An ArrayList
is not the best data structure for purpose of your outer list, and at least part of your difficulty stems from incorrect use of a list of lists.
In your implementation, presumably follows
is an ArrayList of LinkedLists declared like this:
ArrayList<LinkedList<String>> follows = new ArrayList<>();
The result of follows.contains(firstWord)

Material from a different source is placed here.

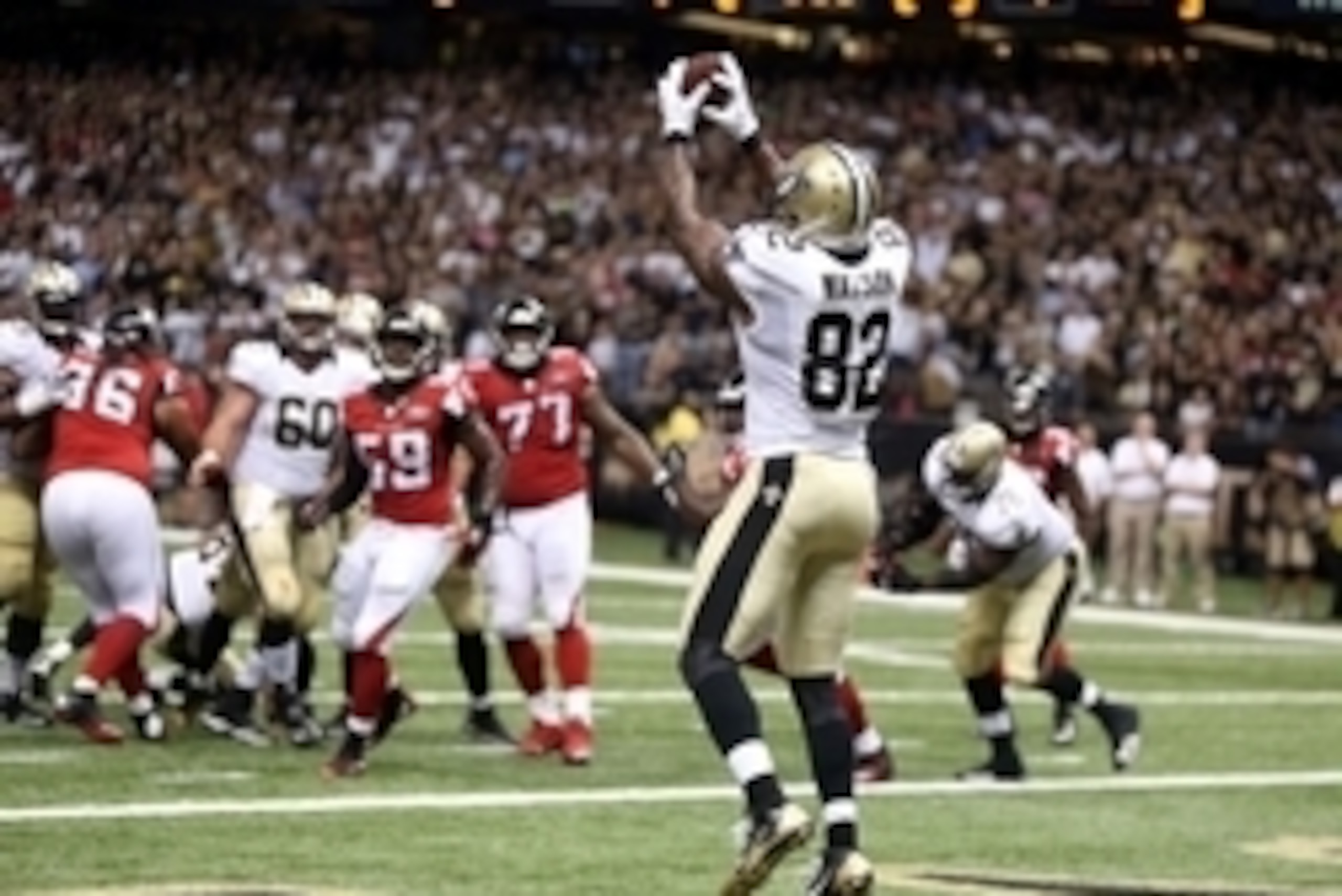 Oct 15, 2015; New Orleans, LA, USA; New Orleans Saints tight end Benjamin Watson (82) makes a two-yard touchdown catch in the third quarter against the Atlanta Falcons of their game at the Mercedes-Benz Superdome. Mandatory Credit: Chuck Cook-USA TODAY Sp Oct 15, 2015; New Orleans, LA, USA; New Orleans Saints tight end Benjamin Watson (82) makes a two-yard touchdown catch in the third quarter against the Atlanta Falcons of their game at the Mercedes-Benz Superdome. Mandatory Credit: Chuck Cook-USA TODAY Sp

will never be true, because follows
contains elements of type LinkedList, not String. firstWord
is a String, and so would not be an element of follows
, but would be the first element of an ArrayList which is an element of follows
.
The solution offered below uses a Map
, or more specifically a HashMap
, for the outer list follows
. A Map is preferable because when searching for the first word, the amortized look-up time will be O(1) using a map versus O(n) for a list.

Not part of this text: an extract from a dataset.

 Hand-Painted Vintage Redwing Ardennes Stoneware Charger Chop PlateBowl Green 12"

String firstWord = dataFile.next().toLowerCase();
Map<String, List<String>> follows = new HashMap<>();
int nWords = 0;
while (dataFile.hasNext())
{
String secondWord = dataFile.next().toLowerCase();
nWords++;
if (nWords % 1000 == 0)
{
System.out.println(nWords + " words");
}
//and put words into list if not already there
//check if this word is already in the list
if (follows.containsKey(firstWord))
{
//add the next word to it's linked list
List list = follows.get(firstWord);
if (!list.contains(secondWord))
{
list.add(secondWord);
}
}
else
{
//create new linked list for this word and then add next word
List list = new LinkedList<String>();
list.add(secondWord);
follows.put(firstWord, list);
}
//go on to next word
firstWord = secondWord;
}
The map will look like this:
the: [cat, red]
cat: [walks]
to: [the]
red: [tree]
walks: [to]
I also made the following changes to your implementation:
Don't add duplicates to the list of following words. Note that a
Set
would be a more appropriate data structure for this task, but you clearly state that a requirement is to useLinkedList
.Use
String.toLowerCase()
to move all strings to lower case, so that "the" and "The" are treated equivalently. (Be sure you apply this to the initial value offirstWord
as well, which doesn't appear in the code you provided.)
Note that both this solution and your original attempt assume that punctuation has already been removed.